A empresa informou que essas acções ajudaram algumas companhias a baixar os seus custos de equilíbrio nos campos activos de petróleo em 30% ou mais, o que deverá ajudar a aliviar parte da pressão financeira este ano. “Essas medidas deverão servir de guia para outras empresas que tenham de enfrentar desafios persistentes”, diz o relatório.
E não são apenas as pequenas empresas norte-americanas que estão a reagir, efectuando cortes. Em Setembro, a Royal Dutch Shell informou que encerraria o seu programa controverso de perfuração no Árctico do Alasca e eliminaria 7500 postos de trabalho. A BP anunciou, na semana passada, que vai eliminar 4000 postos de trabalho em todo o mundo.
“Há projectos no mundo inteiro a serem cancelados ou adiados”, diz Gilje. “Quem está em posição de tomar decisões está a cortar tudo o que é possível em investimentos.”
As companhias de petróleo devem também negociar com os seus credores em busca de algum alívio, explica Hrebiniak. “Embora os bancos tenham cortado os empréstimos, eles conhecem a indústria”, diz ele.

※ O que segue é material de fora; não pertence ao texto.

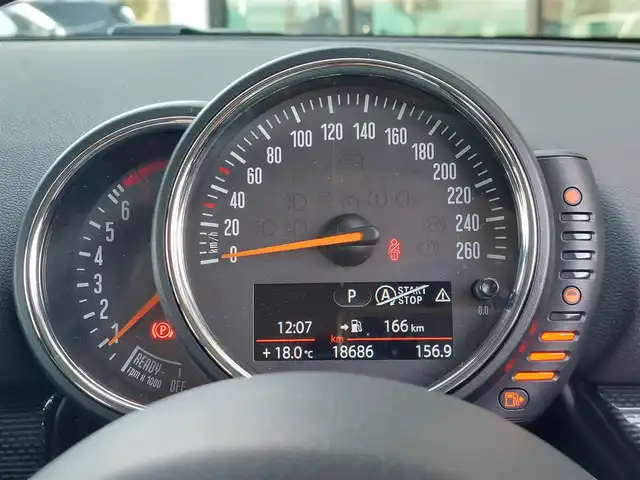 ＭＩＮＩ ミニ クラブマン クーパー S 東京都 2016(平28)年 1.9万km ブレイジングレッドメタリック 純正ナビ/ETC/前後ドライブレコーダー ZDR 017/プッシュスタート/アイドリングストップ/クルーズコントロール/MTモード付きAT/レザー調シートカバー/LEDヘッドライト/オートライト/ドアバイザー/17インチ純正アルミホイール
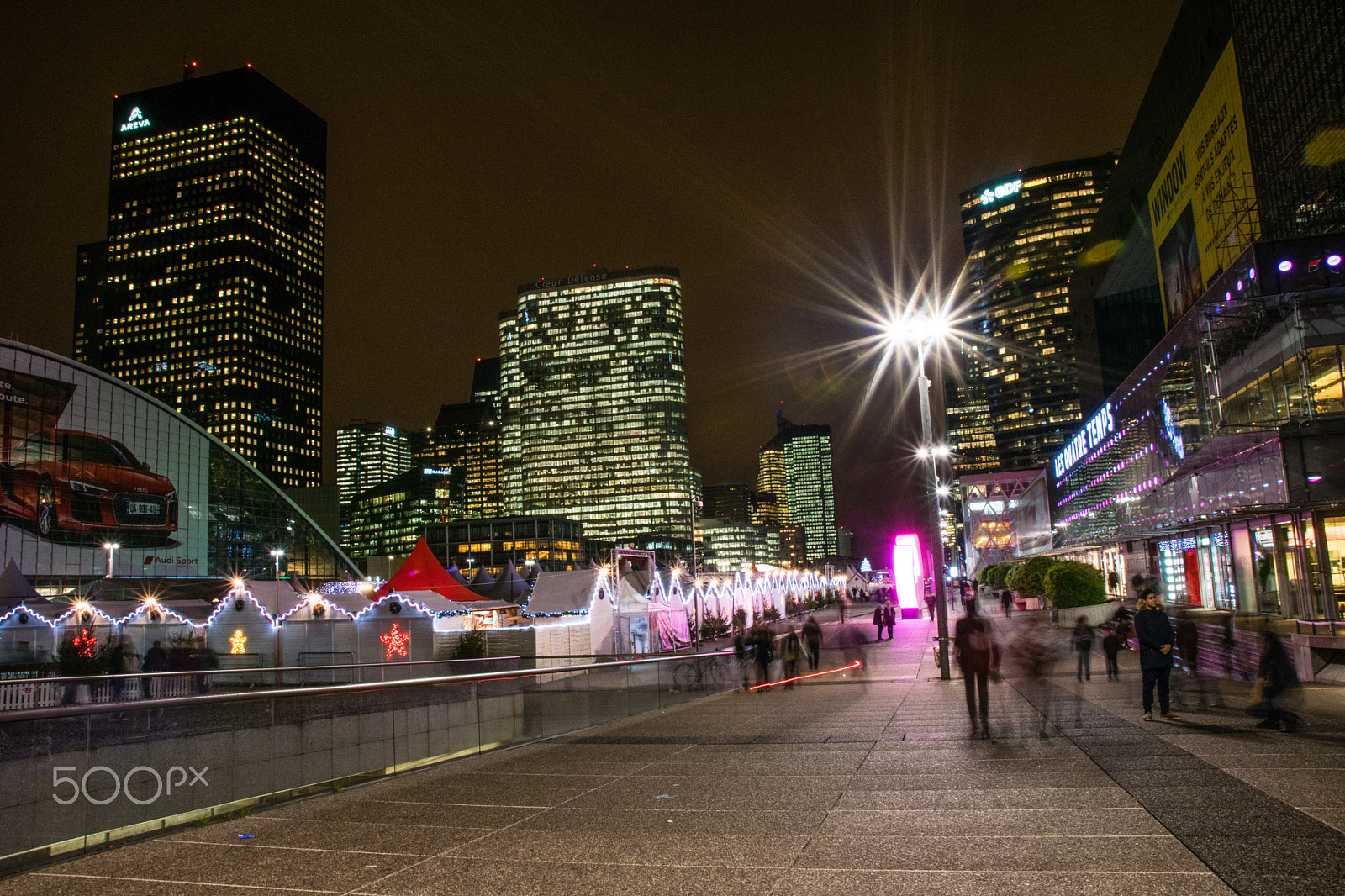 Sigma 17-70mm F2.8-4 DC Macro OS HSM | C sample photo. La defense night shot photography
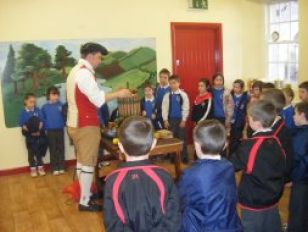 Primary 3 & 4 visit the Palace Stables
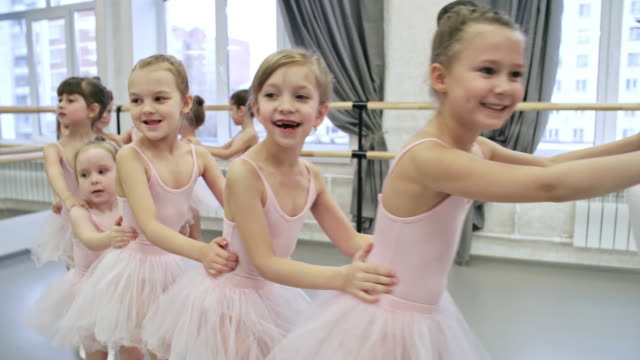 Little-Ballerinas-in-Dance-Class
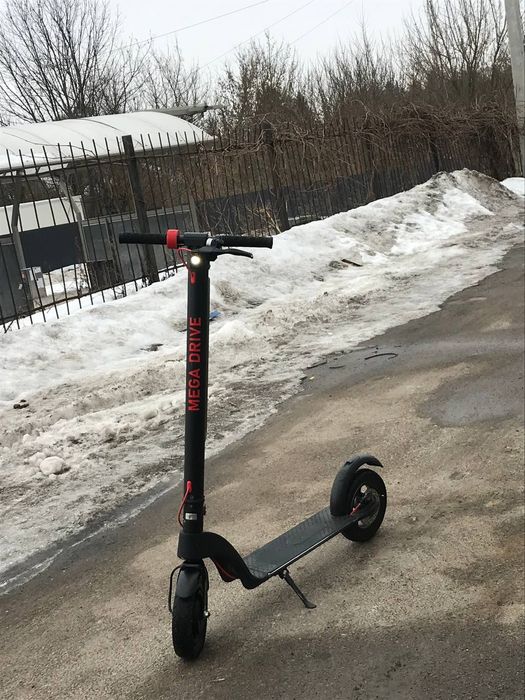 СРОЧНО!Продам самокат Megadrive X8F10G  у гарному стані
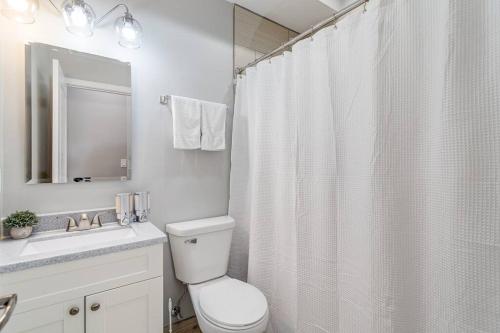 Suite 2 on Southport 4 Queen Beds in Chicago, USA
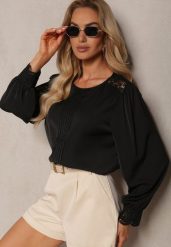 Czarna Koszulowa Bluzka Retro z Ozdobną Koronką i Marszczeniem Udeviana. Czarne bluzki Renee, m, bez wzorów, z koronki, eleganckie, bez kołnierzyka, bez ramiączek. W wyprzedaży za 47.99 zł.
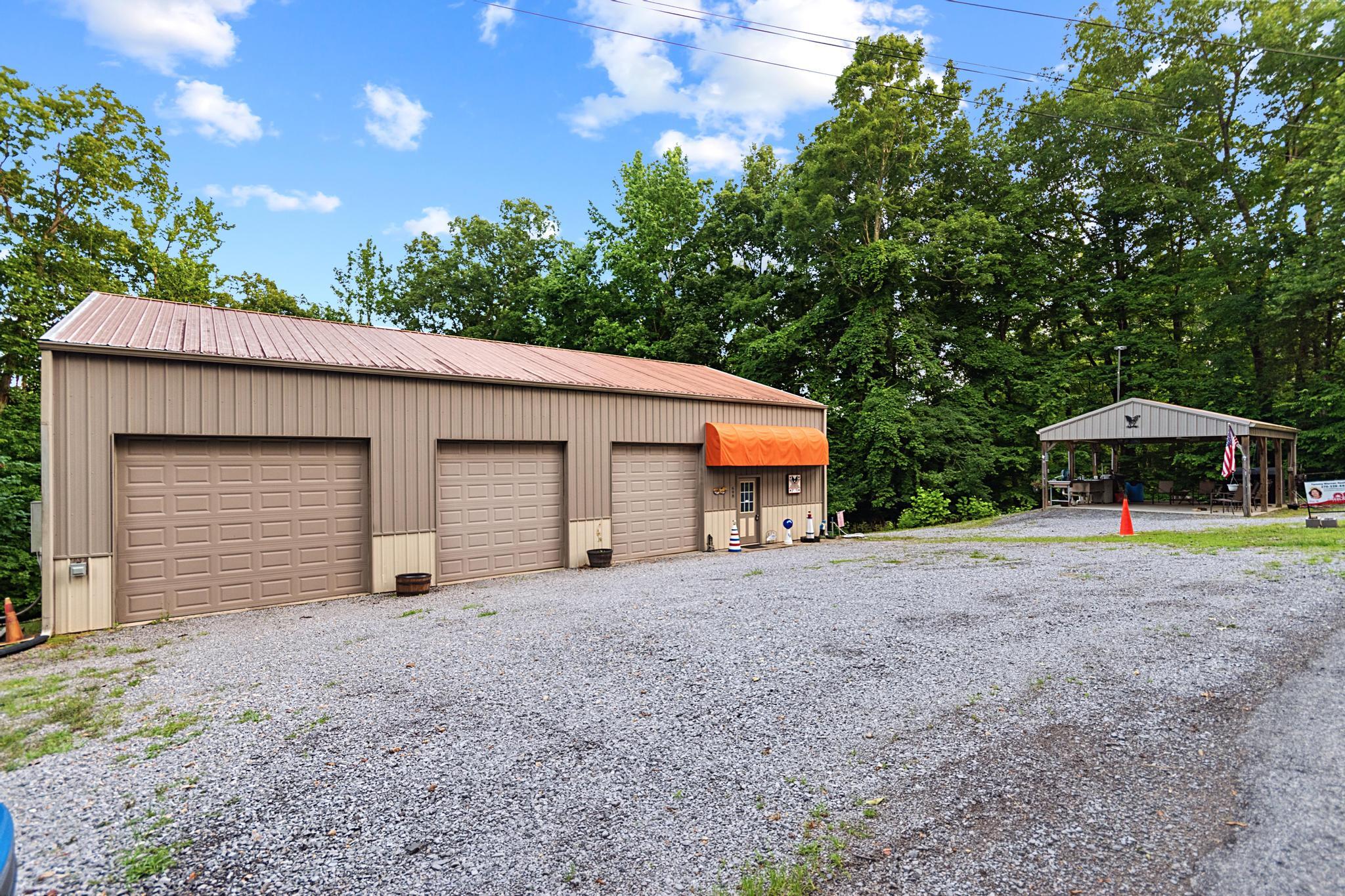 698 Walnut Drive — photo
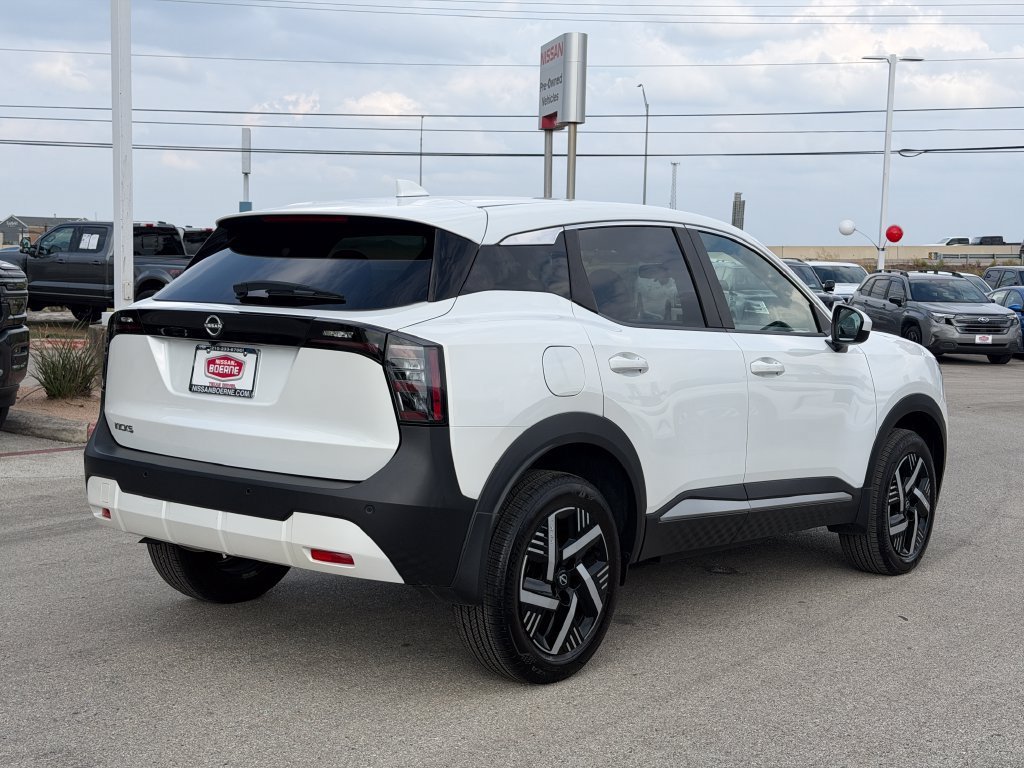 Used 2025 Nissan Kicks SV w/ Illumination Package FWD image 7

As empresas poderão renegociar os empréstimos feitos em melhores condições. “Se o passado puder servir de referência, o colapso actual será revertido lentamente, porém, de um modo mais positivo para a indústria.”
Retoma das Fusões & Aquisições em stand by?
Várias empresas já se uniram, enquanto procuram comprimir as economias, reduzindo as operações com duplicatas.
“Esperamos que as actividades desse tipo recuperem o fôlego em 2016, uma vez que a dinâmica actual da indústria parece pronta para uma derrocada mais longa do que a dos ciclos anteriores”, segundo informa o relatório da AlixPartners.
As empresas que não quiserem negociar imediatamente podem também fazer alianças estratégicas, que as ajudarão a reduzir custos sem abrir mão dos melhores activos, explica Hrebiniak.
Uma medida lógica, a venda de activos não essenciais e sem rendimentos, poderá tornar-se algo mais desafiador, se a baixa de preços persistir. A Bloomberg informa que, cada vez mais, as empresas falidas enfrentam dificuldades para atrair lances mínimos para os activos que estão a vender. Isso é uma indicação de que há uma abundância de activos à disposição dos interessados, o que empurra os preços para baixo. “É um mercado de compradores”, observa Hrebiniak.
Talvez algumas empresas de grande dimensão tentem virar-se para o sector de energia alternativa, como forma de se proteger dos prejuízos com o petróleo, mas essa estratégia tem os seus próprios desafios. “O problema não é apenas económico; ele é também político”, diz Hrebiniak. Uma vez que os incentivos fiscais e outros subsídios concedidos à indústria de energia alternativa podem constituir parte importante do mix, Hrebiniak acrescenta que isso “dependerá de quem estiver no Senado, na Câmara e na Casa Branca”.
Além disso, poderá haver outras oportunidades atraentes para investidores de grande dimensão. “Acho que as grandes empresas se interessarão mais em acumular activos do que em investir em fontes alternativas de energia neste momento”, observa.
As energias alternativas também são uma saída improvável para as empresas mais pequenas, mais afectadas por causa dos custos elevados dos investimentos que o reposicionamento exigiria.
“A maior parte das empresas não está em posição de se deslocar pura e simplesmente para outras soluções”, diz Gilje. E as alternativas têm desafios próprios por causa da queda acentuada dos preços do petróleo. “Um dos efeitos colaterais é que ainda está muito longe o dia em que as energias solar e eólica constituirão uma fatia significativa do sector de energia eléctrica. É difícil quando os preços dos combustíveis concorrentes estão em queda livre.”